Statement made on 12 June 2019 at 8:53am

CATCHWORDS
MIGRATION – Partner (Temporary) (Class UK) visa – Subclass 820 (Partner) – no response to invitation to comment on information – sponsorship withdrawn by sponsoring partner – decision under review affirmed

LEGISLATION
Migration Act 1958 (Cth), s 65
Migration Regulations 1994 (Cth), Schedule 2, cls 820.211, 820.221

STATEMENT OF DECISION AND REASONS

APPLICATION FOR REVIEW

  1. This is an application for review of a decision made by a delegate of the Minister for Home Affairs to refuse to grant the applicant a Partner (Temporary) (Class UK) visa under s.65 of the Migration Act 1958 (the Act).

  2. The applicant applied for the visa on 27 November 2017 on the basis of his relationship with his sponsor. At that time, Class UK contained only one subclass: Subclass 820 (Partner). The criteria for the grant of this visa are set out in Part 820 of Schedule 2 to the Migration Regulations 1994 (the Regulations). The primary criteria must be satisfied by at least one applicant. Other members of the family unit, if any, who are applicants for the visa need satisfy only the secondary criteria.

  3. The delegate refused to grant the visa on the basis that the visa applicant did not satisfy cl.820.211 or 820.221 because the sponsor withdrew her sponsorship of the applicant.  

  4. The applicant lodged a review of the delegate’s decision with the Tribunal on 13 November 2018.

  5. Information on the file of the Department of Home Affairs (the Department) indicates that the applicant’s relationship with the sponsor has ended and that the sponsoring partner has withdrawn their sponsorship of the application. One of the requirements for the grant of the visa is that the applicant continues to be the spouse or de facto partner of the sponsor at the time of the decision, unless a specified exception to that requirement applies.

  6. On 24 May 2019 the Tribunal wrote to the applicant at the contact address he provided, pursuant to s.359A and s.359(2) of the Act.

  7. The applicant was invited to comment on or respond to the information that the relationship with the sponsor had ended and the sponsor had withdrawn their sponsorship.
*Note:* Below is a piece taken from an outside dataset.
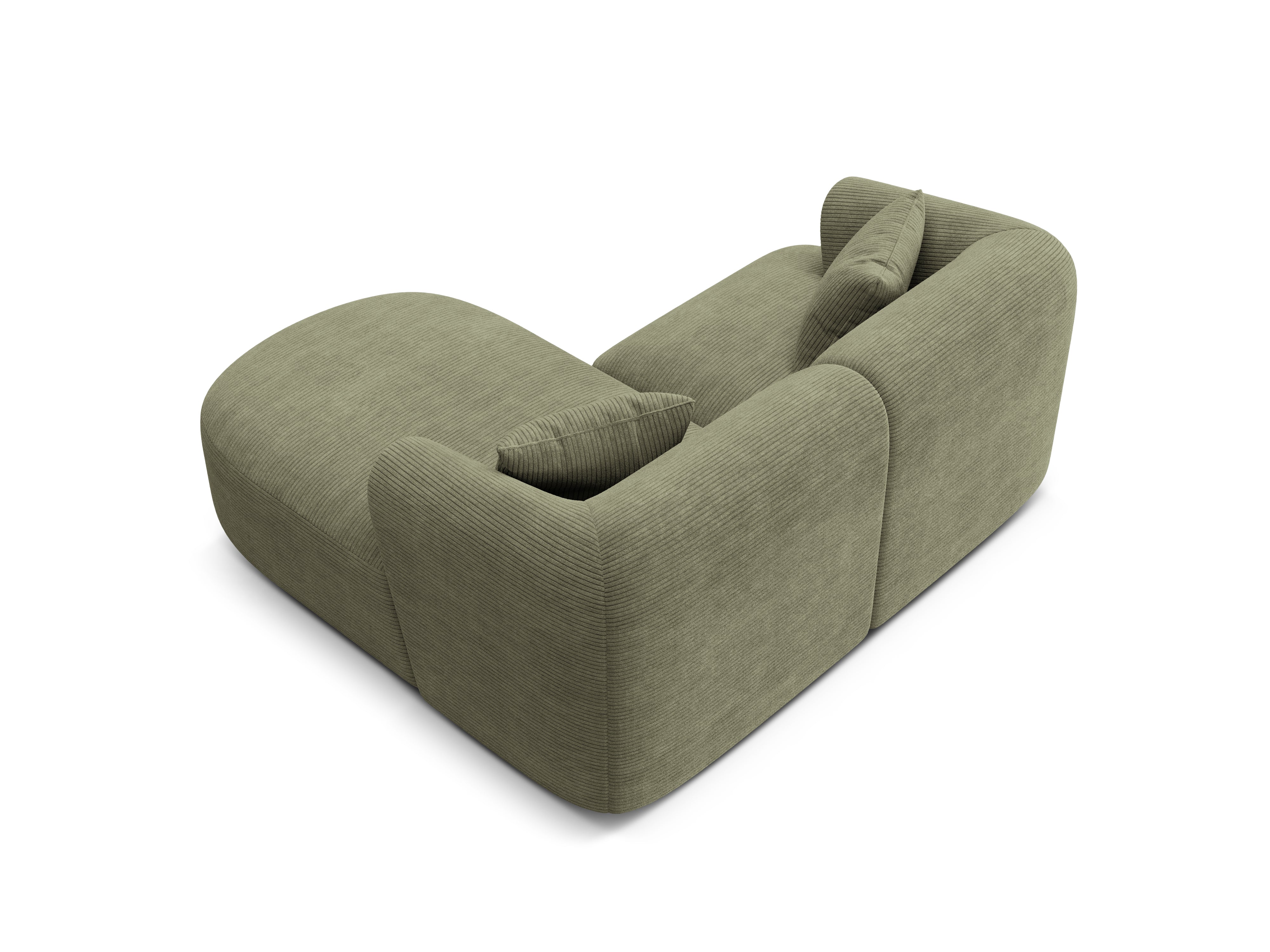 Right-facing 3-seater sofa CAMPI green corduroy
Further, the applicant was invited to provide information in relation to meeting the required criteria to be satisfied for the grant of the visa if they are no longer in a relationship with the sponsoring partner. The applicant was informed that if the Tribunal did not receive either his comments or response, or the information sought within the period allowed or as extended, it may make a decision on the review without taking any further action. The applicant was also informed that he would lose any entitlement he might have to a hearing if he failed to respond to the Tribunal’s request.

  8. The Tribunal did not receive a response from the review applicant within the specified timeframe for response and at the time of this decision, has received no correspondence from the applicant.

  9. For the following reasons, the Tribunal has concluded that the decision under review should be affirmed.

    CONSIDERATION OF CLAIMS AND EVIDENCE

  10. The criteria that must be met for a subclass 820 visa to be granted are set out in Part 820 of Scheduled 2 to the Regulations and include cl.820.211 and cl.820.221.

  11. Relevantly to this matter, cl.820.211(2) and cl.820.221 requires that at the time of application and at the time this decision, the applicant is the spouse of the ‘sponsoring partner’, who must be an Australian citizen or Australian permanent resident or an eligible New Zealand citizen who was specified in the related Subclass 820 visa application as the spouse or de facto partner of the applicant and that sponsorship is still in force.

  12. In the present case the sponsor has withdrawn their sponsorship and there is no evidence before the Tribunal that the applicant meets any of the exceptions pursuant to cl.820.211, including subclauses (7) or (8). These exceptions allow for the sponsorship requirements to be waived if the sponsor has died, or family violence has occurred, or that there is a child involved in relation to whom the applicant and the sponsor both have certain obligations.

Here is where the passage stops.